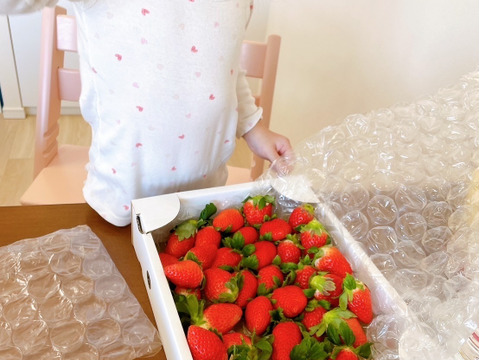【さがほのか】5月の❤️きらきら🍓ほのかちゃん2箱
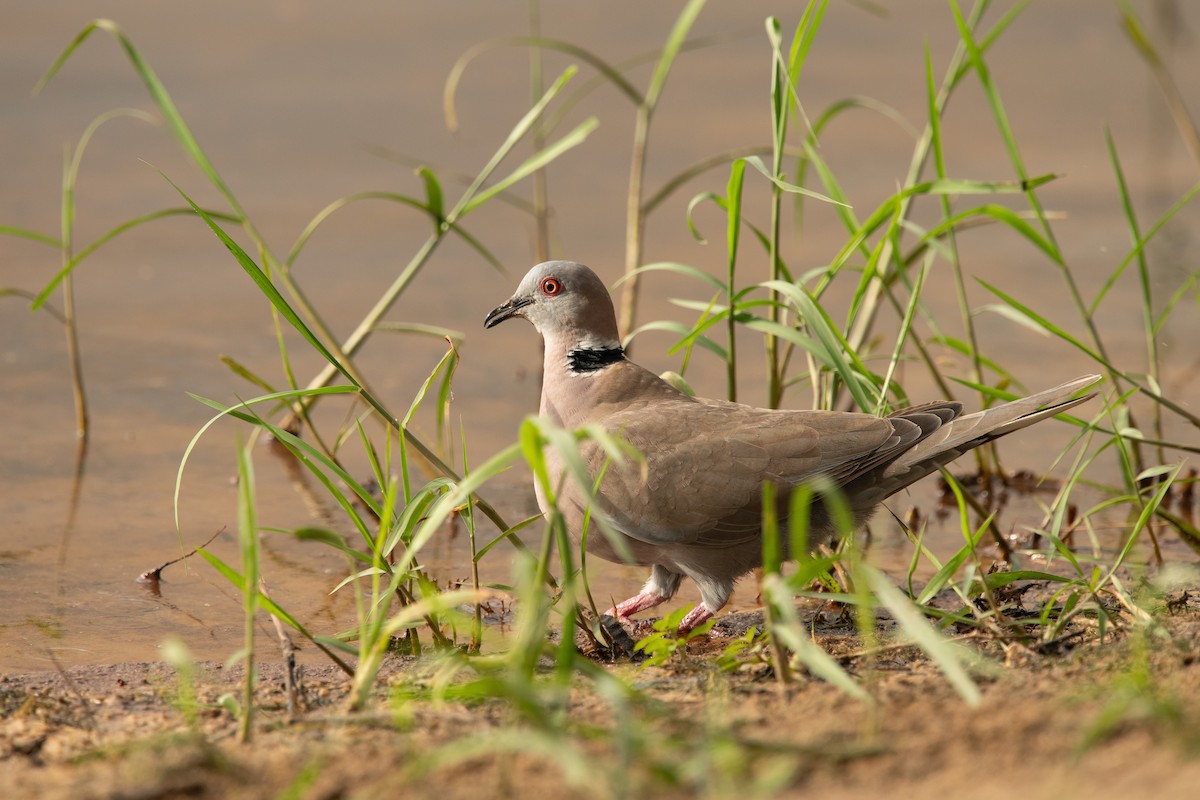 Mourning Collared-Dove - ML537645291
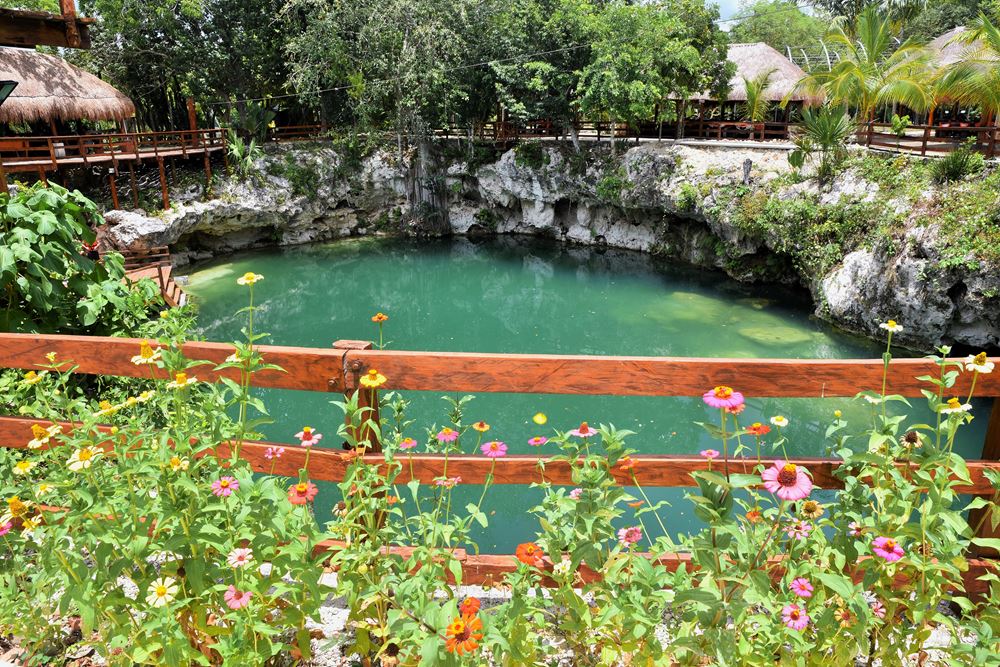 La végétation du cénote Las Piedras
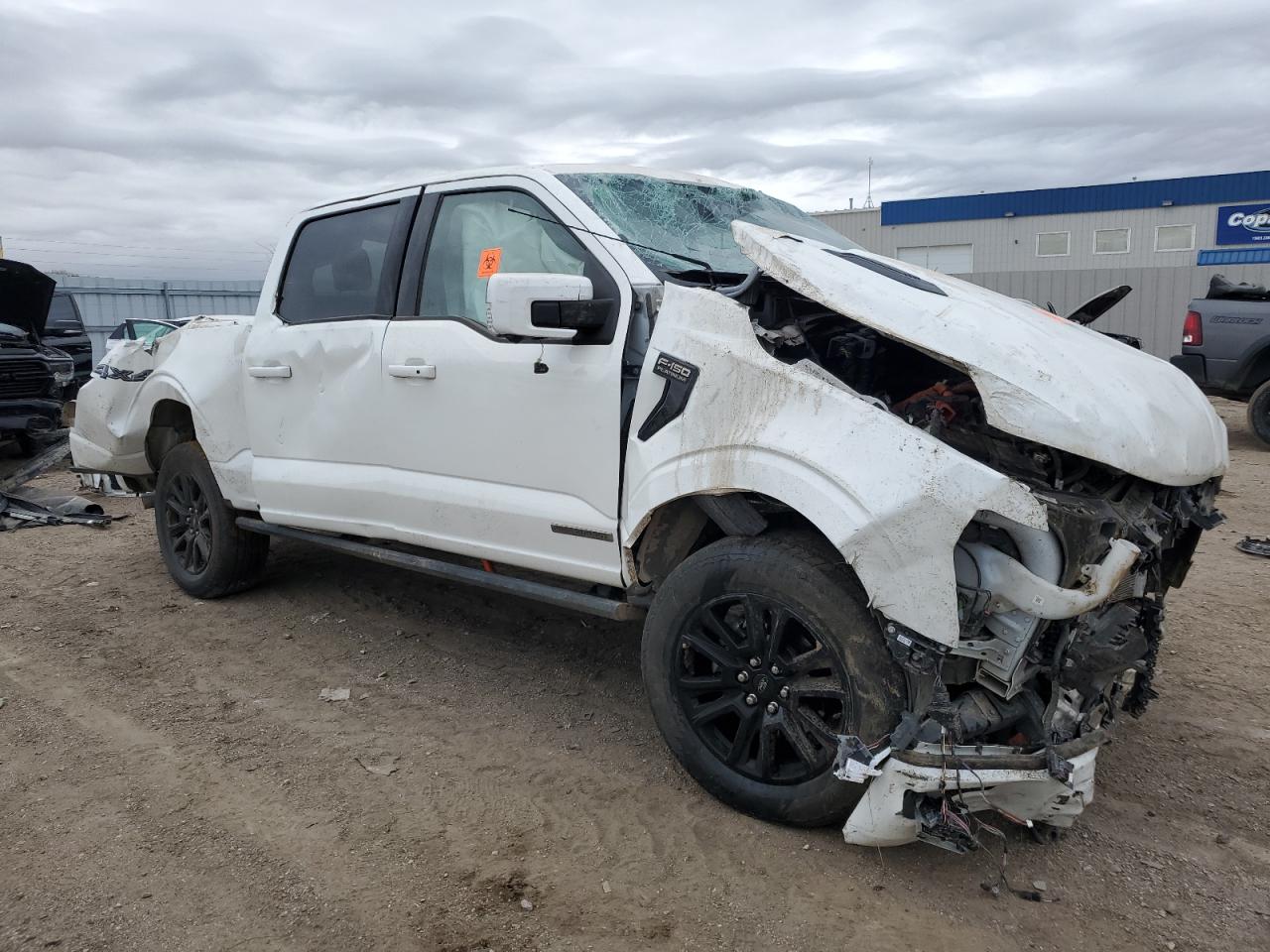 2025 FORD F150 PLATINUM photo 4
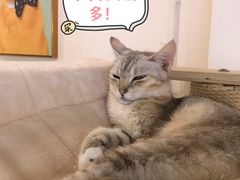 -Heymao猫咖.咖啡厅(东门店)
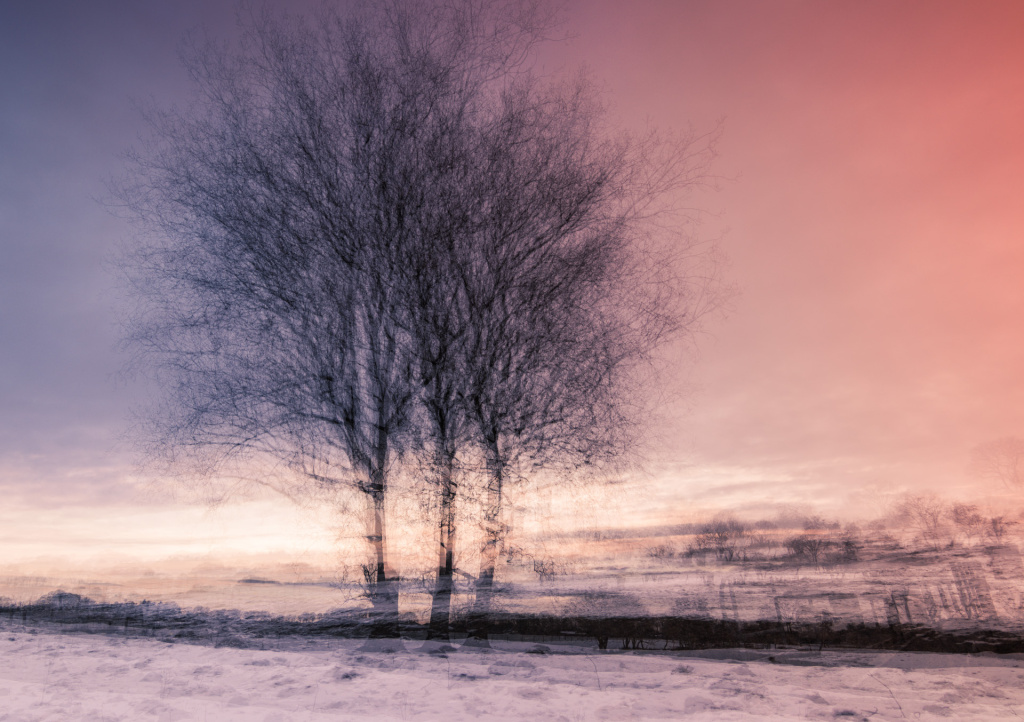 Winters dromen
* * * * * * *
*TASK DETAILS*.
Leaving the pictures out, write out every entry exactly.

*EXERCISE OUTPUT*.
【さがほのか】5月の❤️きらきら🍓ほのかちゃん2箱
 Mourning Collared-Dove - ML537645291
 La végétation du cénote Las Piedras
 2025 FORD F150 PLATINUM photo 4
 -Heymao猫咖.咖啡厅(东门店)
 Winters dromen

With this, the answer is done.